> Input records
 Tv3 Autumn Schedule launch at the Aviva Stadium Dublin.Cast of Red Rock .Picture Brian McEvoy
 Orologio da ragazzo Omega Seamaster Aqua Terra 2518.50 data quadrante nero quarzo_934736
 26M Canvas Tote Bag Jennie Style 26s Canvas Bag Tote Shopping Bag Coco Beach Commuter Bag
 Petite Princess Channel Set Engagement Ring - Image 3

--

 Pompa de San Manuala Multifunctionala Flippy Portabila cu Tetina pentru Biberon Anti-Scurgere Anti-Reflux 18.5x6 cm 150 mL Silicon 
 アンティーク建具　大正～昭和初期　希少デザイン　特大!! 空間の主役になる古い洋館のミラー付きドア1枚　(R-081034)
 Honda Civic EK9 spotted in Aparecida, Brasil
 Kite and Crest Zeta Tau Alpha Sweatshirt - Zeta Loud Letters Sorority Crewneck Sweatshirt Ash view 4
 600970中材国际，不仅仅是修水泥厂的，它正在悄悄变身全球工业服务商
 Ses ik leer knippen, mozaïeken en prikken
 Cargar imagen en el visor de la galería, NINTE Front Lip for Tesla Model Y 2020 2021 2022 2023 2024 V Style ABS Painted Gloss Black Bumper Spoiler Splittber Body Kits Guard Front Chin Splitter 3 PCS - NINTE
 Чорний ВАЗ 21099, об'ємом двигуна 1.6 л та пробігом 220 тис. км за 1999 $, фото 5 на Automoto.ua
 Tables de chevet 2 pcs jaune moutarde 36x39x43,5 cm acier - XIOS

> Your objective
Your answer should consist of the lines of the listing that contain "Style", copied as they stand.

> Solution
 26M Canvas Tote Bag Jennie Style 26s Canvas Bag Tote Shopping Bag Coco Beach Commuter Bag
 Cargar imagen en el visor de la galería, NINTE Front Lip for Tesla Model Y 2020 2021 2022 2023 2024 V Style ABS Painted Gloss Black Bumper Spoiler Splittber Body Kits Guard Front Chin Splitter 3 PCS - NINTE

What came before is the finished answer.